Witam; z pewna doza nieśmiałości bo nie wiem czy jestem tutaj chetnie widzianym gosciem - ponieważ jednk wchodzicie na bardzo poważne tematy ( wiary i zaburzeń oraz chorob psychicznych zwiazanych z kwestią wytworzonej dzisiaj atmosfery strachu i lęku przed życiem) odważylam sie zaryzykować i wtrącić swoje zdanie z racji swojego doświadczenia w tych kwestiach.
Ortodoksja jak czytam dużo przeszłaś ostatnimi czasy i nie chciałabym Ciebie narażać na dodatkowe stresy więc jeżeli Tobie cokolwiek nie pasuje w mojej wypowiedzi to uczcviwie od razu powiedz co aby nie było niedomówień.
Chcialam Tobie tylko powiedzieć, że to co mnie osobiście bardzo pomogło to wnikliwe studiowanie Biblii, dzięki temu nie opuściłam rąk tylko złożyłam je do modlitwy.
Nie dziwię sie, że Pismo Świete jest i było w przeszłości tak pietnowane i niszczone; bo ludzie, a nawet ksieża ( ktorzy również sa tylko ludźmi - zawodza, ale Słowo Boże nigdy mnie nie zawiodło).

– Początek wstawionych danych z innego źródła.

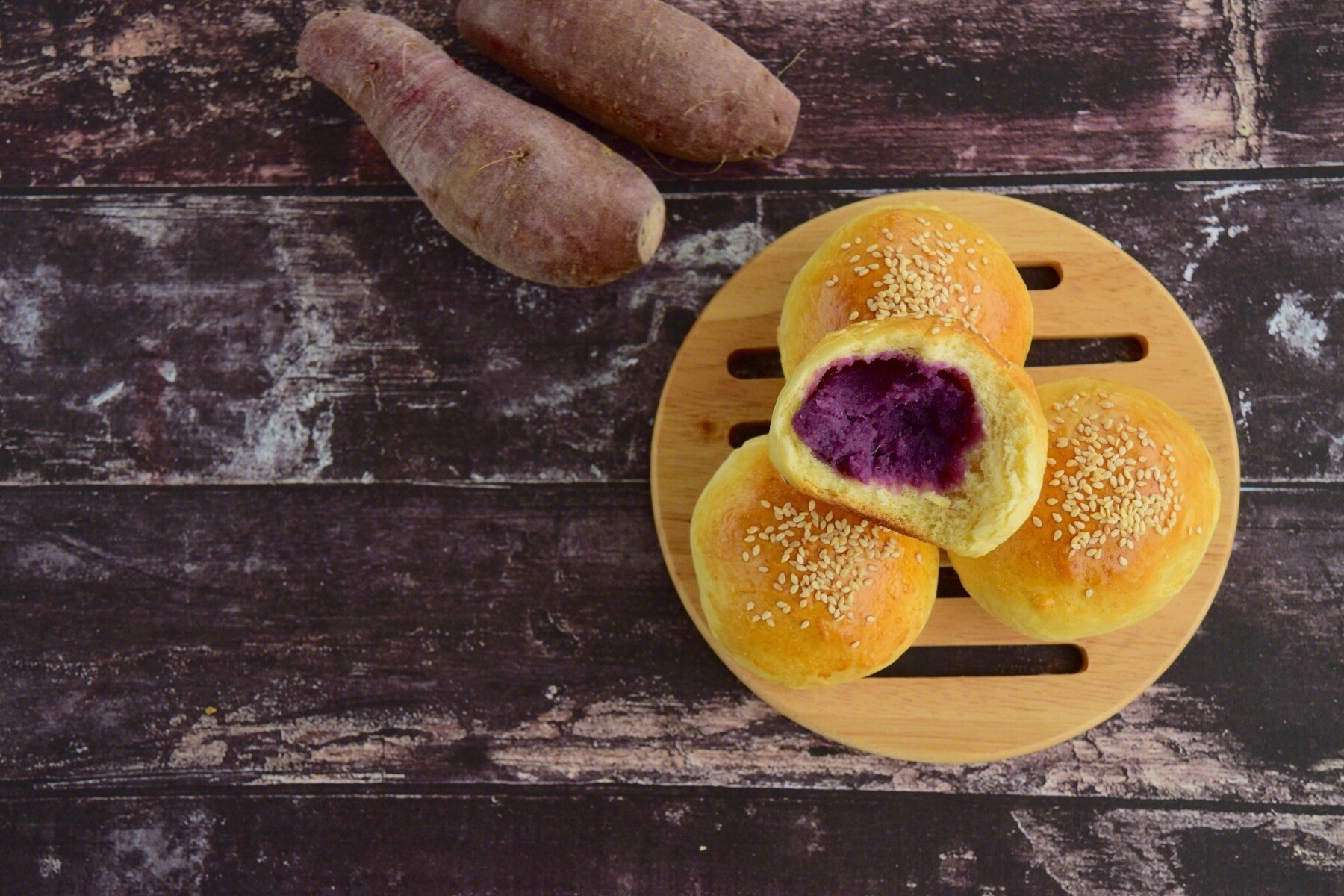 土司和紫薯竟然还可以这样吃？会拉丝的紫薯土司卷教程-JinMo之家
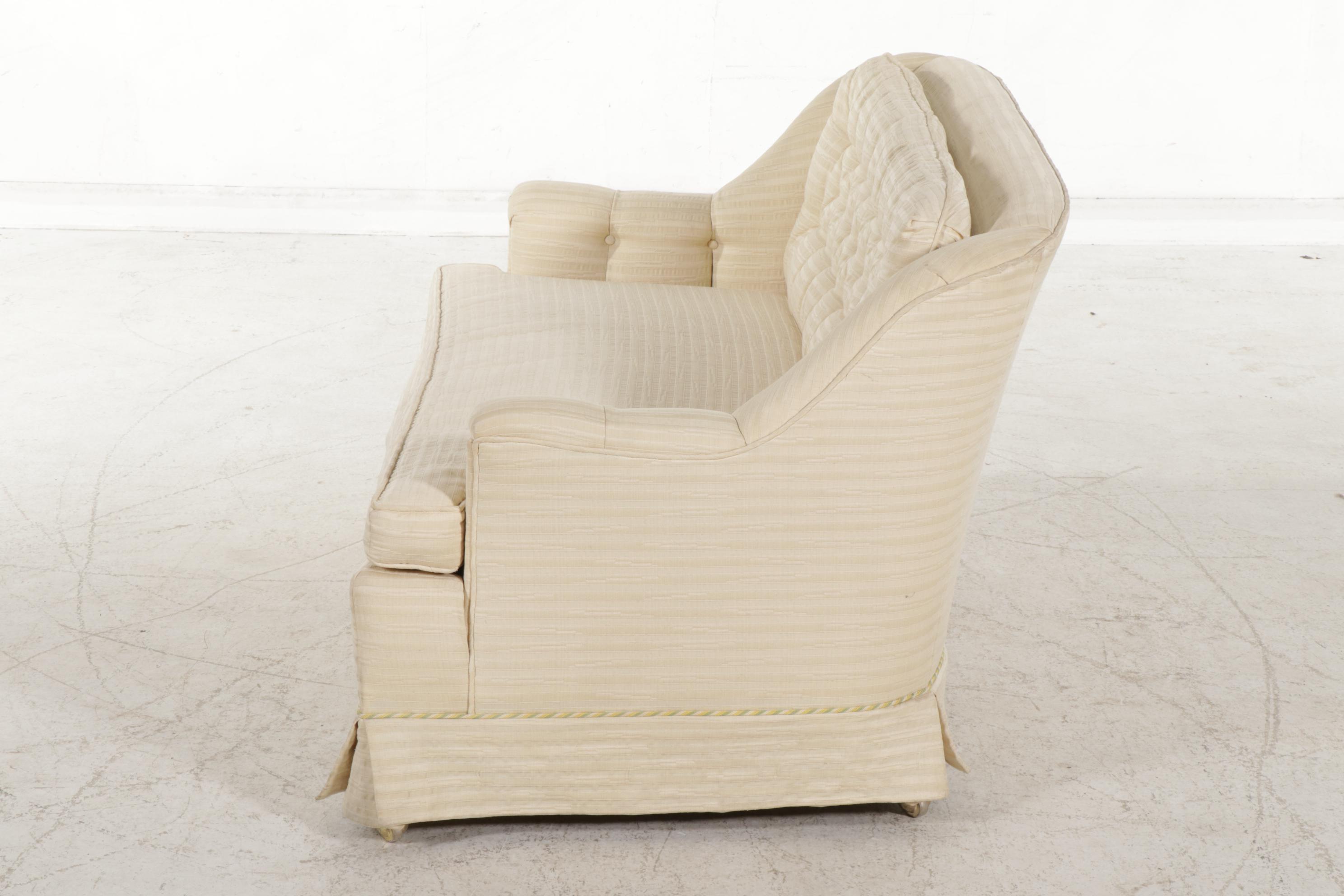 Custom-Upholstered Loveseat Sofa, Mid to Late 20th Century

Chociz moi rodzice już nie żyją to mogę stwierdzić, że dali mi solidne podstawy abym się nie załamała: wiarę!
Nie chcę tutj wyjśc na jakiegoś oszołoma bo to poważna sprawa i indywidualna dla każdego oraz bardzo osobista, ale moim zdaniem nie powinnaś się wstydzić i drwić z tego, że cienką nitką uchwyciłaś się Boskiej Prawicy bo mnie Ona uratował życie i jeszcze nigdy do tej pory nie czułam się tak wyzwolona i tak świadoma jak obecnie.
Teraz już jestem zdrowa bo nie boję się nikogo oprócz Boga i chociż jeszcze nie z wszystkim nadążam to wiem, że czlowieka który wierzy można zgiąć, ale nie złamać.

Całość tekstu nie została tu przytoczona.